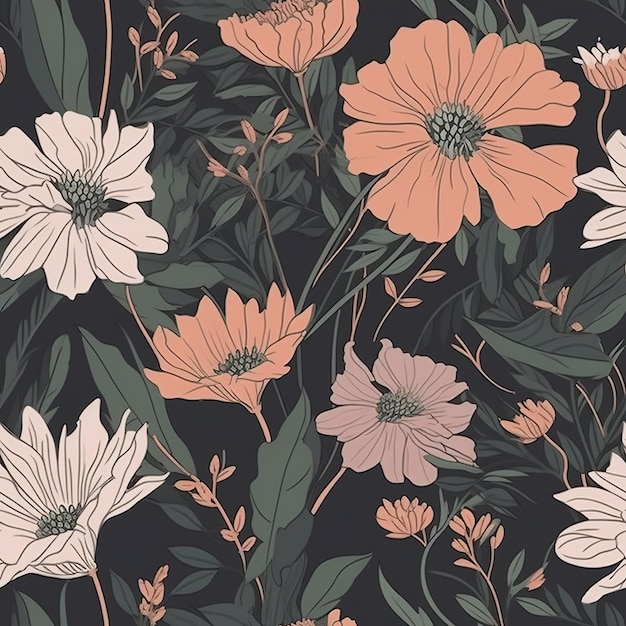 Blumendruck mit botanischen Blumen als nahtloses Muster für Textildesign oder Hintergrund-KI-Generierung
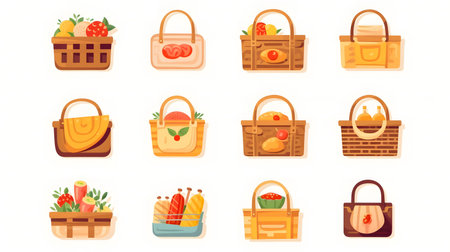 set of picnic basket full of delecious meals on a white background.の素材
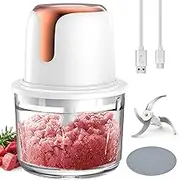 Sunfuny Cordless Food Processor, Mini Food Chopper Wireless with 5-Cup Glass Bowl, 6000mAh Battery USB-C Rechargeable Vegetable Chopper, Electric Meat Blender Garlic Grinder Kitchen Mixer (Rose Gold)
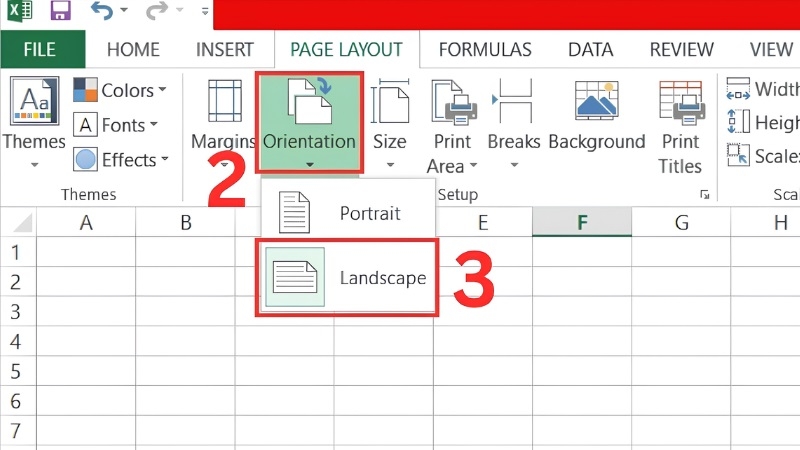 Chọn Landscape trong mục Orientation Chọn Landscape trong mục Orientation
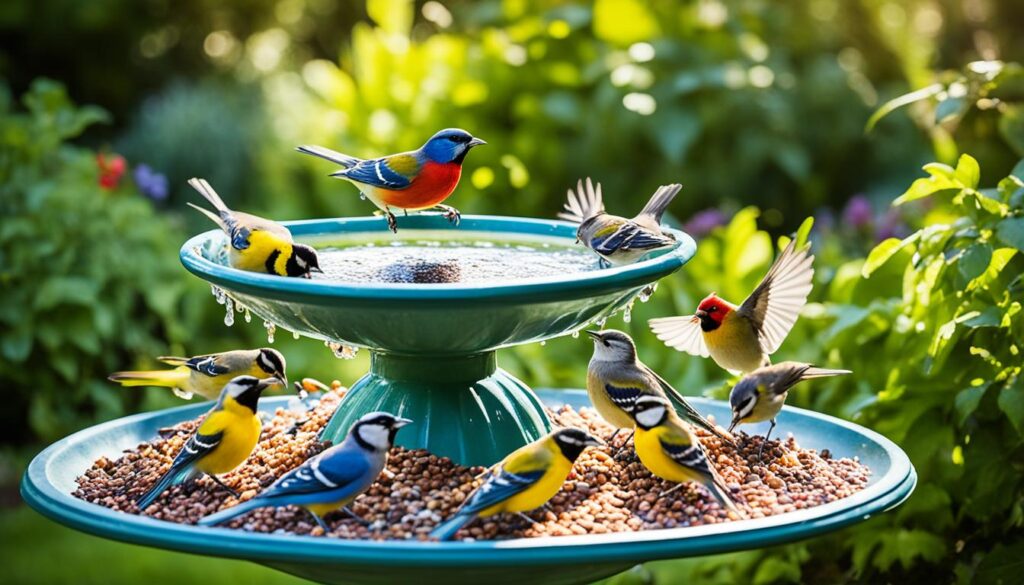 birdbaths and feeders attracting birds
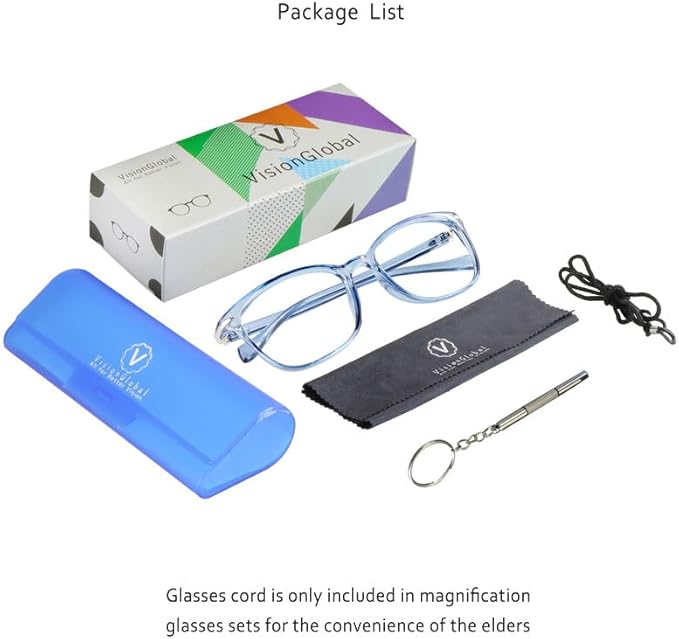 VisionGlobal Blue Light Blocking Glasses for Women/Men, Anti Eyestrain, Computer Reading, TV Glasses, Stylish Square Frame, Anti Glare(Clear Blue,+2.75 Magnification)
- - -
Leaving the pictures aside, write out only the lines from the one containing "Sunfuny Cordless Food" through the end of the material, exactly as they stand.

- Result:
 Sunfuny Cordless Food Processor, Mini Food Chopper Wireless with 5-Cup Glass Bowl, 6000mAh Battery USB-C Rechargeable Vegetable Chopper, Electric Meat Blender Garlic Grinder Kitchen Mixer (Rose Gold)
 Chọn Landscape trong mục Orientation Chọn Landscape trong mục Orientation
 birdbaths and feeders attracting birds
 VisionGlobal Blue Light Blocking Glasses for Women/Men, Anti Eyestrain, Computer Reading, TV Glasses, Stylish Square Frame, Anti Glare(Clear Blue,+2.75 Magnification)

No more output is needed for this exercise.